Pellared

**Name of the Vulnerable Software and Affected Versions** OpenTelemetry Go (affected versions not specified) **Description** A denial-of-service issue exists due to the removal of raw-length rejection during baggage header parsing. The `Parse` function processes arbitrarily large or invalid baggage headers and logs errors, allowing a remote client to trigger excessive CPU and memory consumption. Specifically, in `baggage/baggage.go`, the `parseMember` function performs full parsing and `PathUnescape` on members without a size guard. Additionally, in `propagation/baggage.go`, parsing errors from attacker-controlled headers are sent to the global error handler, which by default performs logging, potentially amplifying the impact of oversized inputs. **Recommendations** At the moment, there is no information about a newer version that contains a fix for this vulnerability.

**Name of the Vulnerable Software and Affected Versions** OpenTelemetry-Go versions prior to 0.0.17 **Description** The `go.opentelemetry.io/otel/schema/v1.0` and `go.opentelemetry.io/otel/schema/v1.1` modules leak one file descriptor on each successful `ParseFile()` call. This occurs because `ParseFile()` opens the schema file and passes it to the `Parse()` function without closing it. In long-running processes, repeated parsing can exhaust the process file descriptor limit, leading to a denial of service. This issue is exploitable if a consuming application exposes repeated schema parsing to a path controlled by an attacker. **Recommendations** Update to version 0.0.17.

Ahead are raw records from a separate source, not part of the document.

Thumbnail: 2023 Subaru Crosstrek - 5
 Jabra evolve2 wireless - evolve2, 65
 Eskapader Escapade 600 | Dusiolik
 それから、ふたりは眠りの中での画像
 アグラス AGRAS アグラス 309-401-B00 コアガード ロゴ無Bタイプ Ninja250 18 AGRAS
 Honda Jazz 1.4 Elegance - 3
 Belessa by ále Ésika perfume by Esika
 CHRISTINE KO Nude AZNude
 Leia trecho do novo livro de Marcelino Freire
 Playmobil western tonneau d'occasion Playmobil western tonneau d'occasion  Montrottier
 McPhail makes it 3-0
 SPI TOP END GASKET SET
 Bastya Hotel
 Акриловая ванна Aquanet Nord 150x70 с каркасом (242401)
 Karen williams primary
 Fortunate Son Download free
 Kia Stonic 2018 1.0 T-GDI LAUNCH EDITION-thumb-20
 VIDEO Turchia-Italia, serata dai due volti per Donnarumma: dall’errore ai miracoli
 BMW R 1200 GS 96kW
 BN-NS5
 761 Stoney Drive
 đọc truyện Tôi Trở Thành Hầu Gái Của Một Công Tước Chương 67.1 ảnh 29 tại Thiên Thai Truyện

**Name of the Vulnerable Software and Affected Versions** OpenTelemetry-Go Contrib versions prior to 0.46.0 **Description** The issue is related to the grpc Unary Server Interceptor adding labels `net.peer.sock.addr` and `net.peer.sock.port` with unbound cardinality, leading to potential memory exhaustion when many malicious requests are sent. An attacker can easily flood the peer address and port for requests, causing a denial-of-service. **Recommendations** For versions prior to 0.46.0, as a temporary workaround, consider using a view that removes the attributes `net.peer.sock.addr` and `net.peer.sock.port`. Alternatively, disable grpc metrics instrumentation by passing `otelgrpc.WithMeterProvider` option with `noop.NewMeterProvider`. For a permanent solution, upgrade to version 0.46.0 or later, which contains a fix for this issue.